The Risk of Too Little Inflation

Low inflation may sound appealing, but as Russ explains, it has drawbacks for investors.

By any account the U.S. equity market is having a stellar year. Stocks have benefited from easier financial conditions, which have in turn pushed up market multiples. By a happy coincidence, gains in market multiples have exactly matched the 15% gain in the S&P 500 Index.

But while stocks have benefited from cheap money and higher multiples, they have more recently been constrained by concerns over growth. The challenge is that the same slowdown that led the Federal Reserve to pivot and stop raising rates also puts earnings at risk. Recent developments in the inflation-linked bond market (i.e., Treasury Inflation Protected Securities, or TIPS) suggest that investors are right to be a bit more cautious.

Inflation expectations embedded in the TIPS market are signaling that already low inflation will fall even lower.
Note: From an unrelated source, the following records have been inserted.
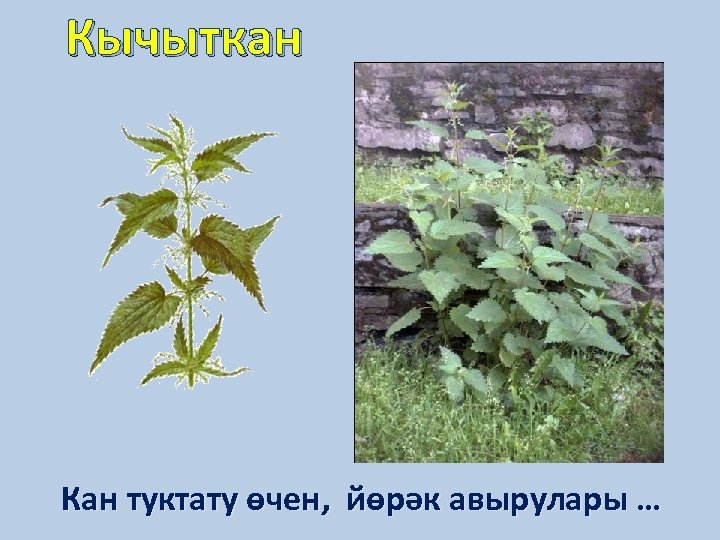 Кычыткан Кан туктату өчен, йөрәк авырулары … 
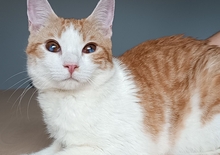 MOGAMBO, Katze, Europäisch Kurzhaar in Philippsburg - Bild 14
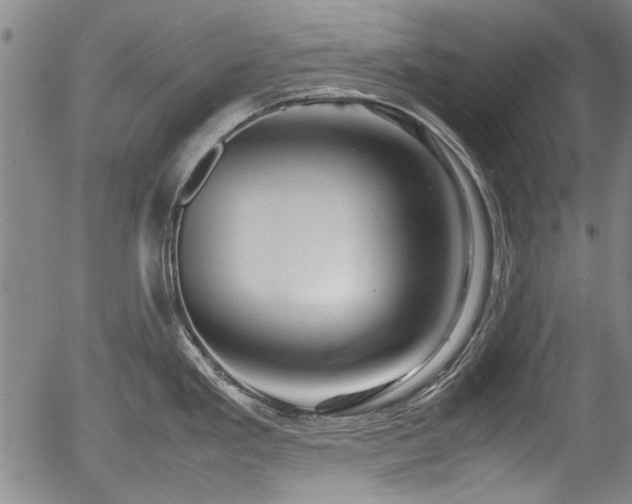 X0000054411293200508011312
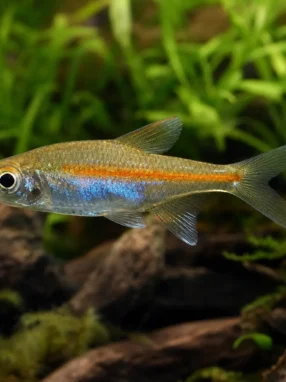 Tetra królewska - Inpaichthys kerri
In late April, the 10-year TIPS breakeven (BE), i.e. the amount of inflation TIPS investors expect during the next decade, was about 1.95%. Today, the 10-year BE is below 1.70%. The outlook for the next five years is even softer, roughly 1.50%. And while inflation expectations are higher using different market measures, such as inflation swaps, the direction is still down (see Chart 1).

As I highlighted back in March, in the post-crisis environment long-term BE rates and U.S. equities have been closely correlated. The reason is that inflation expectations provide a rough proxy of corporate pricing power and, by extension, margins. During the past 20 years, profit margins have averaged 6.5% in periods of below-average inflation expectations, defined as less than 2%. Conversely, in periods of above-average inflation expectations profit margins have averaged over 8%.